Brief descriptive captions:
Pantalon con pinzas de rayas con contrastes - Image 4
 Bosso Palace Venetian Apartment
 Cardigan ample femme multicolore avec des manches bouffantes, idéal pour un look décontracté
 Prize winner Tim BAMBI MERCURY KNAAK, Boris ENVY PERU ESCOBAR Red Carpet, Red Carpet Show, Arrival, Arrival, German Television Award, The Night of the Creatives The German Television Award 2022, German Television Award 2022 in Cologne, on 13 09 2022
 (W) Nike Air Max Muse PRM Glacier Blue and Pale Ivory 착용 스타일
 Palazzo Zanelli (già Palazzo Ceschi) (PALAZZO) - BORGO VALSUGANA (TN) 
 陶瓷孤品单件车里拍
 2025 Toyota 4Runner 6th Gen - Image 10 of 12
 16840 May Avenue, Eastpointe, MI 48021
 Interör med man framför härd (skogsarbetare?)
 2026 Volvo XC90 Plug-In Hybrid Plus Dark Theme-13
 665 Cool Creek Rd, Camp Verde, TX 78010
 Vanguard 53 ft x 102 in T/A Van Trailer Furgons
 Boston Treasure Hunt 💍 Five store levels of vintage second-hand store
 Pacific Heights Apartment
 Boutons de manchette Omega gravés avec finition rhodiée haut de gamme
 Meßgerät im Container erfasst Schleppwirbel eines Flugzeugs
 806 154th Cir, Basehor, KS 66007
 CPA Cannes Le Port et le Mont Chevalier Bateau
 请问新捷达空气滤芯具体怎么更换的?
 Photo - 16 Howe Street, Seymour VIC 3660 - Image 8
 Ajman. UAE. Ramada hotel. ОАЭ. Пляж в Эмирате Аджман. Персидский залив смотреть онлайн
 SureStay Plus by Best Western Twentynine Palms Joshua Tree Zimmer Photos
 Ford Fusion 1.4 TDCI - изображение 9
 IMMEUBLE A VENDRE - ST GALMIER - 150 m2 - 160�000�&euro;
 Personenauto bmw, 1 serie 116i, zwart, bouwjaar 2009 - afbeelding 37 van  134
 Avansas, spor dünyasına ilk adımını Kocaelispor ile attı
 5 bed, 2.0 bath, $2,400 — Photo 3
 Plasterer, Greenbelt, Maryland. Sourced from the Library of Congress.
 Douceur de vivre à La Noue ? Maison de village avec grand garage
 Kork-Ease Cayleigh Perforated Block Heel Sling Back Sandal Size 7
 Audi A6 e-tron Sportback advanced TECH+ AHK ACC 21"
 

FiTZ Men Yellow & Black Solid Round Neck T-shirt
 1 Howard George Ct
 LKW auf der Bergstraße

> **Work to complete**: Each line of the data that contains "avec" should be counted; please give only the number.

> **Written reply**: 3